Canned intelligence inspector general Michael Atkinson handled the whistleblower report which ultimately led to Trump’s impeachment. His firing was “delayed retaliatory action” for Atkinson’s “proper handling of a whistleblower complaint,” said Mark Zaid, a national security lawyer who represented the Ukraine whistleblower. “This action is disgraceful and undermines the integrity of the whistleblower system.”

Some inspectors general, such as the heads of agencies like the Department of Labor and the CIA, are appointed by the president and confirmed by the Senate. Others are chosen by their respective agency heads. Trump has the authority to remove Presidentially appointed IGs, like the ones he fired, but he is required to notify Congress of their termination, removal, or reassignment.

Trump’s announcement that he planned to remove seven IGs came after he appeared caught off guard in a press conference Monday when questioned about a report from Health and Human Services Inspector General Christi Grimm that detailed national medical supply issues and widespread coronavirus testing delays. The HHS inspector general’s report found “severe” test shortages at hospitals and “widespread” shortages of personal protective equipment for healthcare workers.

“Where did he come from, the inspector general?” Trump asked reporters, repeatedly questioning, “What’s his name?”

He then attacked her by tweet Tuesday and said she had “spent 8 years with the Obama Administration,” while leaving out that she has held federal watchdog positions since 1999, in Democratic and Republican administrations.

But that’s not all.

Recently removed acting inspector general Glenn Fine would have had the authority to conduct multiple layers of oversight over a panel of inspectors general charged with investigating any aspect of the implementation of the $2 trillion in new coronavirus spending. This oversight position was a legislative compromise with Democrats, after the first draft of the coronavirus spending bill empowered Treasury Secretary Steven Mnuchin to withhold information about who received loans from the $500 billion Exchange Stabilization Fund for six months. Democrats charged that amounted to a “slush fund” for corporations, and they withheld approval from the bill until Mnuchin agreed that there would be “strict oversight”—from the panel of IGs.

The Trump administration didn’t give a reason for removing Fine, beyond this curt statement from Dwrena Allen, a spokeswoman for the Pentagon inspector general’s office.

“Mr. Fine is no longer on the Pandemic Response Accountability Committee,” said Allen.
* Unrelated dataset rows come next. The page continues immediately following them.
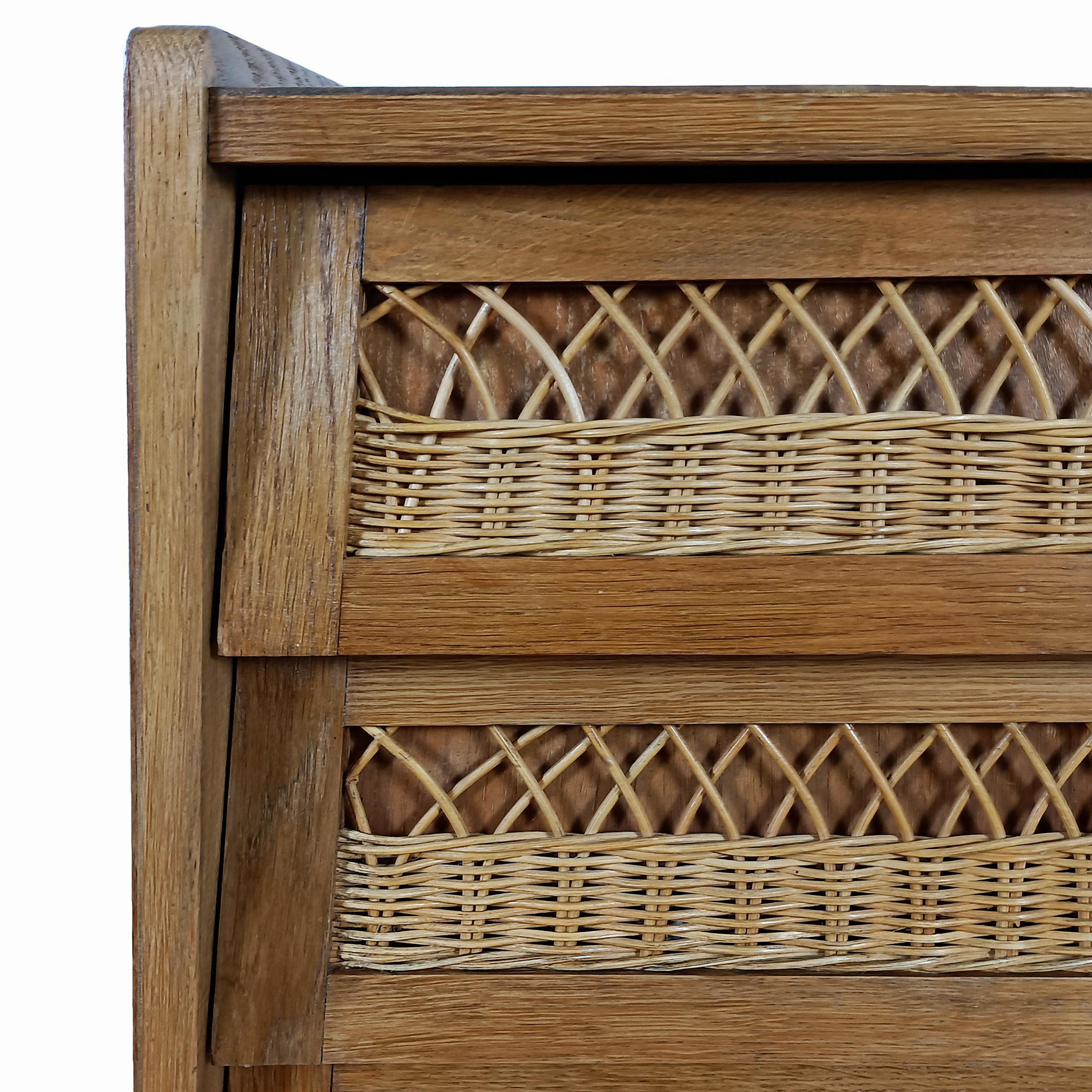 Chest of drawers in oak and wicker – France 1950 For Sale 1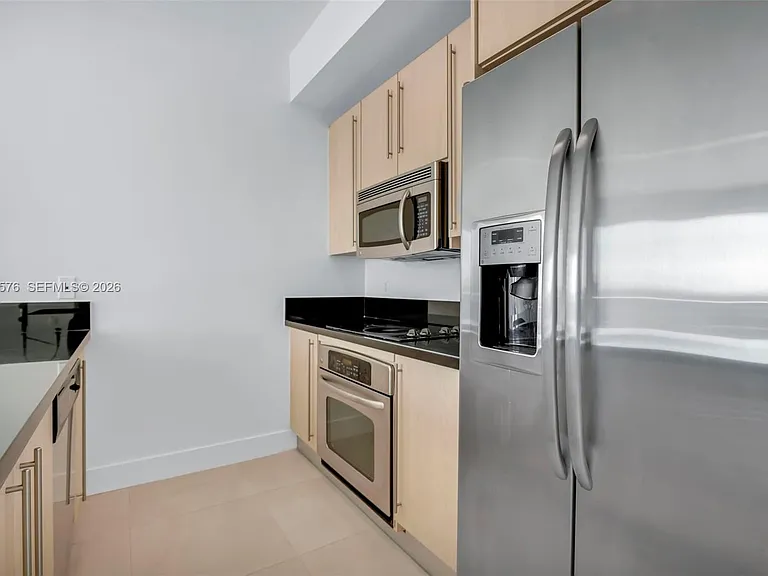 79 SW 12th St #2302 — Photo 15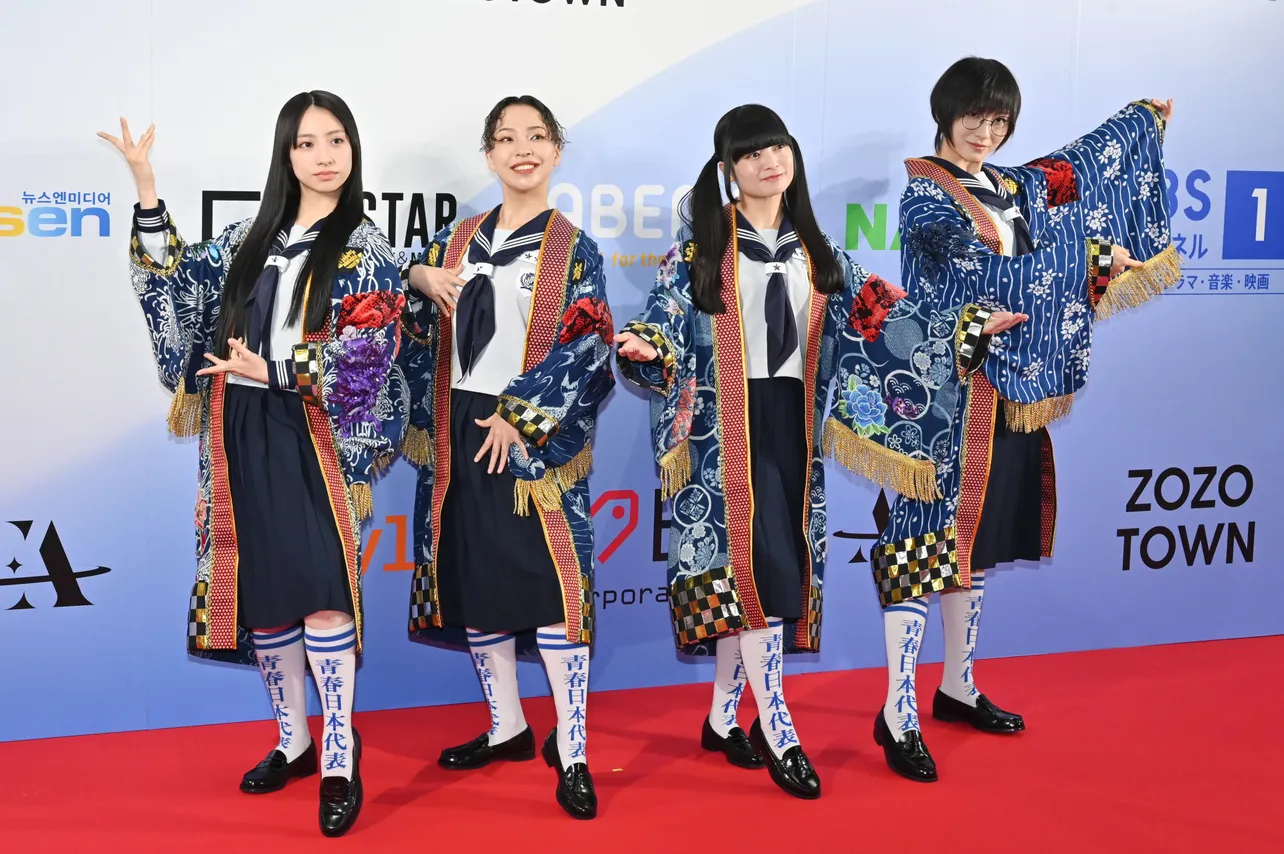 新しい学校のリーダーズ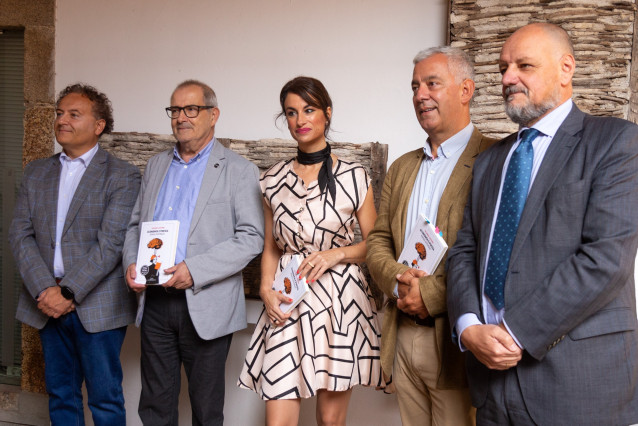 Presentación de la obra ganadora del Premio Ramón Piñeiro de Ensaio 2023, 'Economía e poesía; rimas internas', de Yolanda Castaño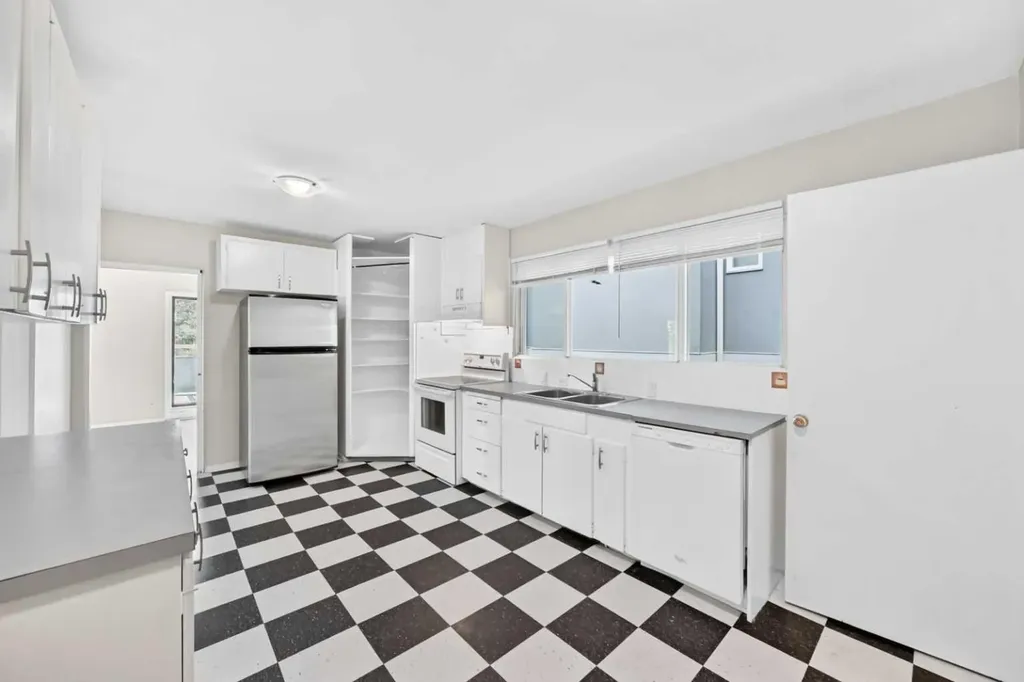 1735 38 Avenue SW Calgary AB T2T 2K3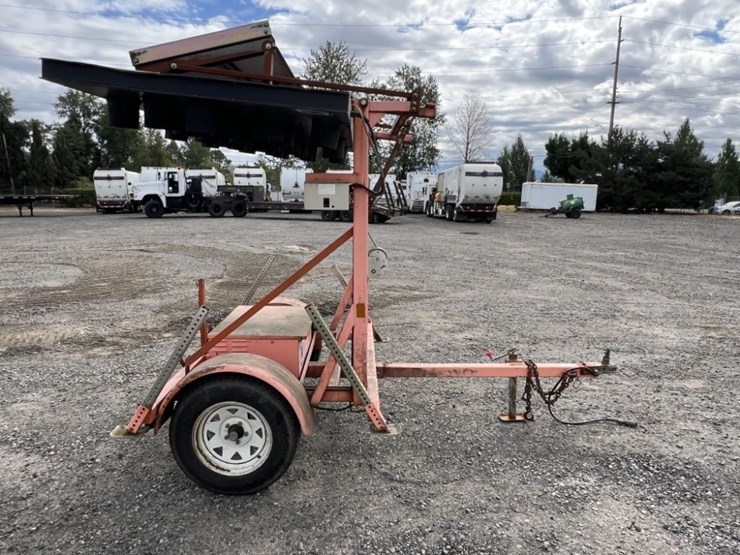 2004-wanco-towable-arrow-board-image-3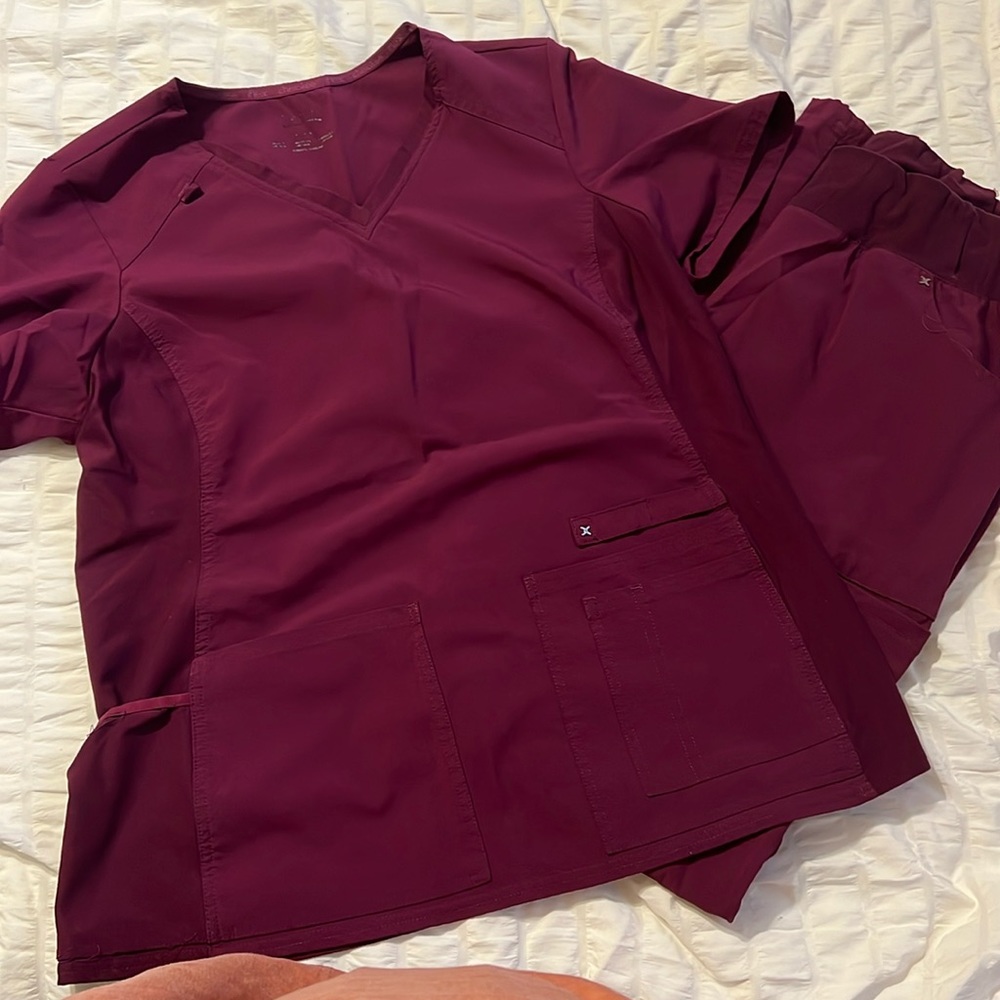 Cherokee iFlex Scrub set
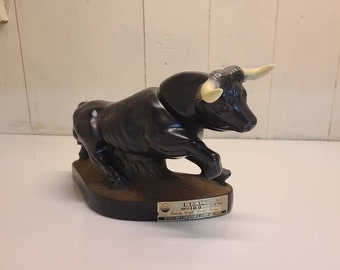 1981 Jim Beam Decanter Bull - Negro - Whisky Bourbon puro de Kentucky coleccionable - 100 meses - Botella de licor vacía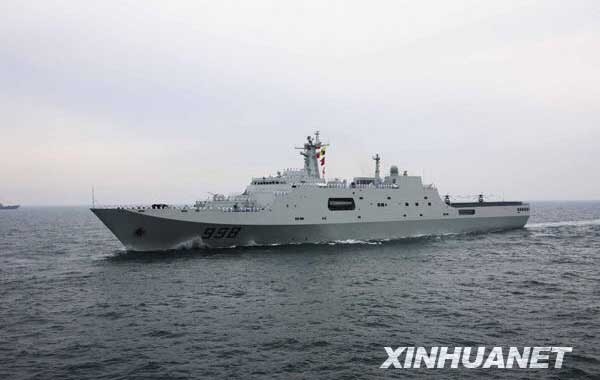 4月23日，中国海军“昆仑山”号登陆舰接受检阅 新华社记者查春明 摄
EPA inspector general Sean O’Donnell will fill Fine’s position in addition to his other responsibilities.

Trump has also nominated a White House counselor, Brian Miller, to serve as the special inspector general for pandemic recovery. The new position, created by the coronavirus relief bill, tracks loans, loan guarantees and other expenditures made by the Department of the Treasury.

The axing of watchdogs and replacement with Trump loyalists begs several questions: will Congress act to prevent the politicization of the inspector general positions? And, will the American public hold Trump accountable on his promise to drain the swamp?